Mis primeras letras


Hace algo más de un lustro visité Olivenza, ciudad que Godoy arrebató a los portugueses en la Guerra de las Naranjas. Olivenza es una ciudad que ningún español debería dejar de visitar a lo largo de su vida. La recuperación para España no fue un acto de usurpación, Olivenza tiene raíces leonesas aunque, como todo lo leonés, suene a historia del abuelo Cebolleta.

Esta ciudad de regusto manuelino cuenta con un museo etnográfico donde se exhiben estampas de un tiempo pasado que no volverá. En una de sus salas se escenifica una representación de una estampa escolar en la que parece que los actores acabaran de salir por una puerta que se le antoja secreta al espectador y por donde semeja que los escolares acabaran de abandonar el aula camino del recreo.

Para cualquier visitante a quien sus primeros pasos por la escuela ya hace algún tiempo que rebasaron el medio siglo, un nudo en la garganta pugna por hacerse dueño de su ánimo y es que está tan lograda la composición, tiene tal realismo que es preciso tener una total indiferencia por el pasado propio para que semejante visión no evoque momentos en los que, quizá, solo quizá, acariciamos la felicidad.

Los recuerdos son variopintos y cada cual tendrá los suyos pero aquellos que fuimos a una escuela, no a un colegio, supongo que han de ser más intensos. La escuela tenía personalidad propia, aunque se tratase de grupos escolares. Tal vez los alumnos de colegios me puedan contradecir pero para mí es mucho más gratificante tener un maestro que un profesor. Nuestras pizarras con su pizarrín hoy son objeto de culto, entonces era material de uso común.

Lápices de colores y no de cera, incapaces de reproducir los vivos colores que exhibía el cervatillo de la caja en la que venían, la cartera, el afilador, los bolígrafos que podían perder la tinta y ponerte perdido, pupitres decadentes, rígidos y sólidos como el régimen imperante, aún lucían los dos huecos del tintero que algunos ya no llegamos a usar, el crucifijo y el retrato de Franco en el frontispicio del aula, a la que nosotros llamábamos clase, seguían marcando una férrea enseñanza de la letra que con sangre entra.

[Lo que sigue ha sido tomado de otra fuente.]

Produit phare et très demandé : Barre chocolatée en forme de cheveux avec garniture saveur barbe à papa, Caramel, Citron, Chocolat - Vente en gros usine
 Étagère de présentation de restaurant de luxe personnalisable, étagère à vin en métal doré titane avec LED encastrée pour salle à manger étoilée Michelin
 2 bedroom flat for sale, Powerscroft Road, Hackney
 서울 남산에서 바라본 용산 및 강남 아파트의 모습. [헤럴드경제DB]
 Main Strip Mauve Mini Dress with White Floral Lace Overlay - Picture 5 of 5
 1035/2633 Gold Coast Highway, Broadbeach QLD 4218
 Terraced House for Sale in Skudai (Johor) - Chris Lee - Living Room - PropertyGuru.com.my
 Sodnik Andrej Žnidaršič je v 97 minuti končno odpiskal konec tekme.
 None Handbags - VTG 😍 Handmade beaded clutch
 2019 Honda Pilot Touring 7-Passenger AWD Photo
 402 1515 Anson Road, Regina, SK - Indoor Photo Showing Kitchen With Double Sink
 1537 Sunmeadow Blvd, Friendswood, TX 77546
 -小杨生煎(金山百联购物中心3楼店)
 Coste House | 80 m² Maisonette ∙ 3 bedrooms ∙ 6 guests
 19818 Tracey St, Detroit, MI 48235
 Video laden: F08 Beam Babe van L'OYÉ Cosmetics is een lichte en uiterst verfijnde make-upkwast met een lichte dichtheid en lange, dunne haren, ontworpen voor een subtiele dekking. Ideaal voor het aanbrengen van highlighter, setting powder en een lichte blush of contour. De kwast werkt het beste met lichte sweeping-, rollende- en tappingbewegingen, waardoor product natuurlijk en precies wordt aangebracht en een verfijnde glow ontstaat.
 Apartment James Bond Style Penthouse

Cabezas rapadas y babis discretos ellos, coletas y babis blancos ellas. Leche americana preparada por esas mismas chicas, a veces con grumos, que en perfecta formación pasábamos a degustar. Ni que decir tiene que la estricta reciedumbre imperante, marcaba separación de sexos: escuelas de niñas y escuela de niños así que pasábamos de párvulos. Tarde de descanso semanal los jueves y rezo de rosario obligatorio al menos un día a la semana. Algunos no tuvimos que cantar el “cara al sol”, gentileza de un maestro represaliado.

 

Eran enseñanzas austeras, libros con pocos dibujos y moralina católica a espuertas que lo impregnaba todo, hasta tal punto que, por Antruejo, los maestros recomendaban evitar los inocentes disfraces y las caretas de mísero cartón sujetos por una simple goma. Era cosa de ver, ¡si muchos ya íbamos disfrazados con remiendos en la culera! Los métodos de enseñanza eran drásticos a veces y un buen número de sopapos se repartían en cada curso. Nunca supimos que nadie acabara traumatizado ni que hubiera reclamación paternal. Los juegos eran bruscos y con los pantalones cortos del buen tiempo se mostraban las “postillas” en las rodillas tratadas con “Veriscróm” como heridas de guerra. Piola, Rey del monumento, Castillo, los Pitos. ¿Y qué decir del juego de las “carpetas” hechas de naipes viejos y billetes de tren usados? Eran el tesoro de aquellos escolares que un día lo fuimos para no regresar jamás. Maestros y escuelas ya sólo son un pasado umbroso.